Leonora Carrington
I have mentioned Leonora Carrington before, but while I was in Venice in July 2022, I was able to see more of her work at the Biennale and the Guggenheim Collection. I was drawn to her anthropomorphic figures and the atmosphere in her paintings. The figures helped me to recall my own propensity to draw hybrids. 
Dorothea Tanning
I found Dorothea Tanning's work in the same exhibits. Particularly, I was moved by her painting, 'The Magic Flower Game' which seems to capture a moment of agency before transformation. It was powerful in a quiet way that made me think about all the internal metamorphoses we go through. I attempted to capture this sense in the video I made. 
Paula Rego
Several of Paula Rego's larger pastel works were shown at the Biennale in Venice. I was struck by the way Rego portrayed women in different stages and situations – all of them silently telling a story. Their faces became irrelevant – their expressions and their roles stood out. I thought that all of those women in the works could have been one woman, and I suspect they were.  
Robert Heinecken
Heinecken's work 'Venus Mirrored' (1968) is a photo sculpture made with negatives layered inside glass. I was visually inspired by this work and the idea of layered bodies it presented. It suggested that if you look closely, there are several people inside one body. 
Ian Craib
Ian Craib's book 'Experiencing Identity' (Sage, 1998) helped me to consolidate my ideas. Particularly his idea of "endless self-creation" and our agency in shaping them and its limits.

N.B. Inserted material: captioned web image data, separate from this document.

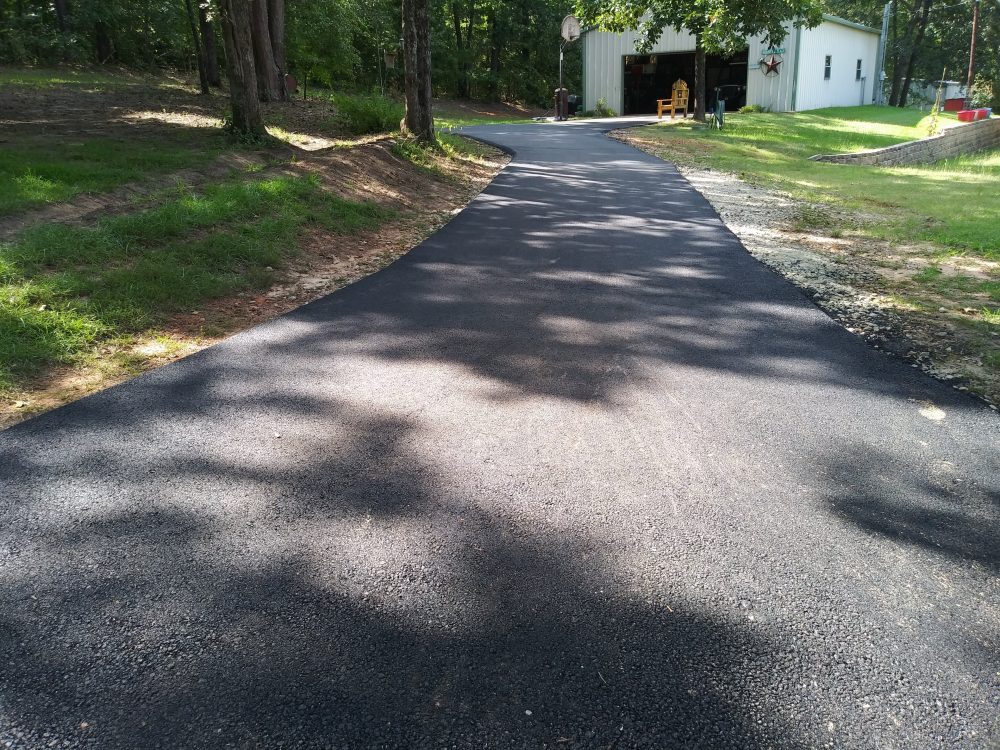 2 Important Asphalt Services A Commercial Contractor Can Provide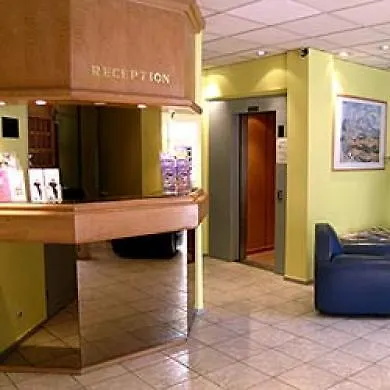 Green Hotels Confort Paris 13 (Adults Only)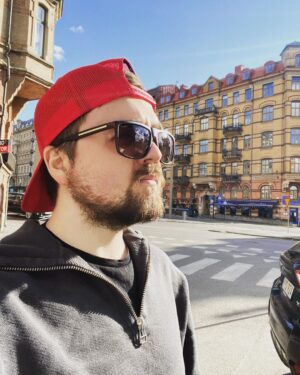 Carl Stanley Instagram - Redo att wrecka vilket jävla bowlingkalas som helst.
Akta huet.
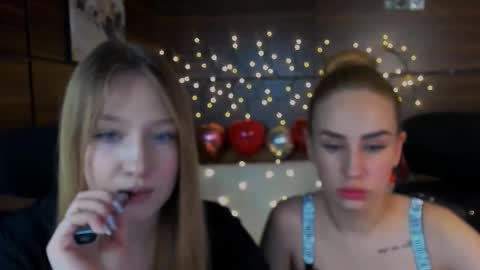 Snapshot of playful_sophie chatting on March 2025 09:59:02 PM Sophie online show from March 2025 09:59:02 PM
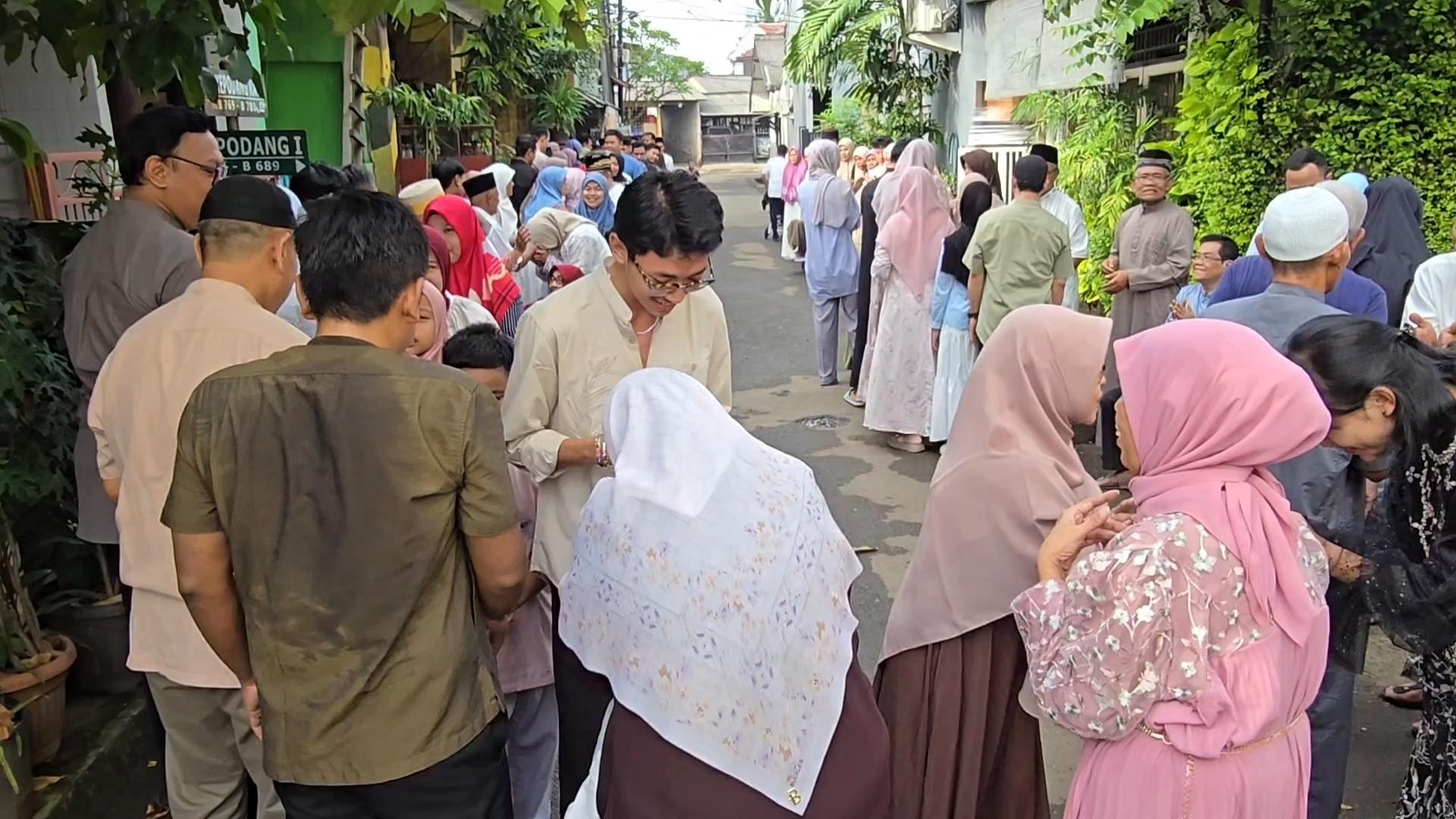 Tradisi-turun-temurun-dilakukan-warga-Perumahan-Duta-Kranji.jpg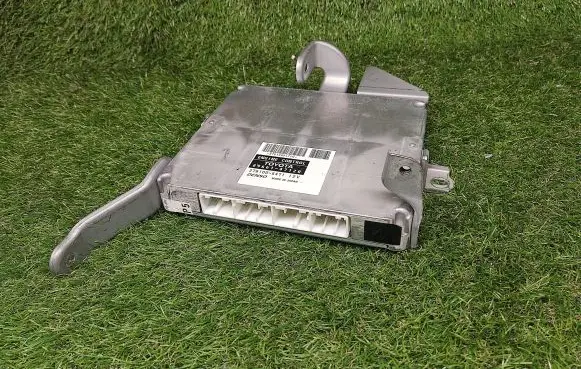 Toyota Prius (XW20) Engine control unit/module 8966147120 27510005471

He writes, "...it is important to consider under what conditions one might be able to prescribe, erase and rewrite one's identity... Once I am seen my ability to revise my identity is limited: I cannot become a blonde teenage girl or a man who is 120 years old". 
Conversations
One of the things that go largely unacknowledged when talking about research is informal personal conversations. Yet, most often I have found that these conversations have brought quite a lot of insight for me because they allow us to seamlessly connect our lived experiences with how we make sense of them using a variety of critical tools available to us. Conversations I have had with the following artists and friends have been pivotal to making this piece and it is their voices in addition to mine that you hear in 'There are so many here I don't know how we will ever get along'.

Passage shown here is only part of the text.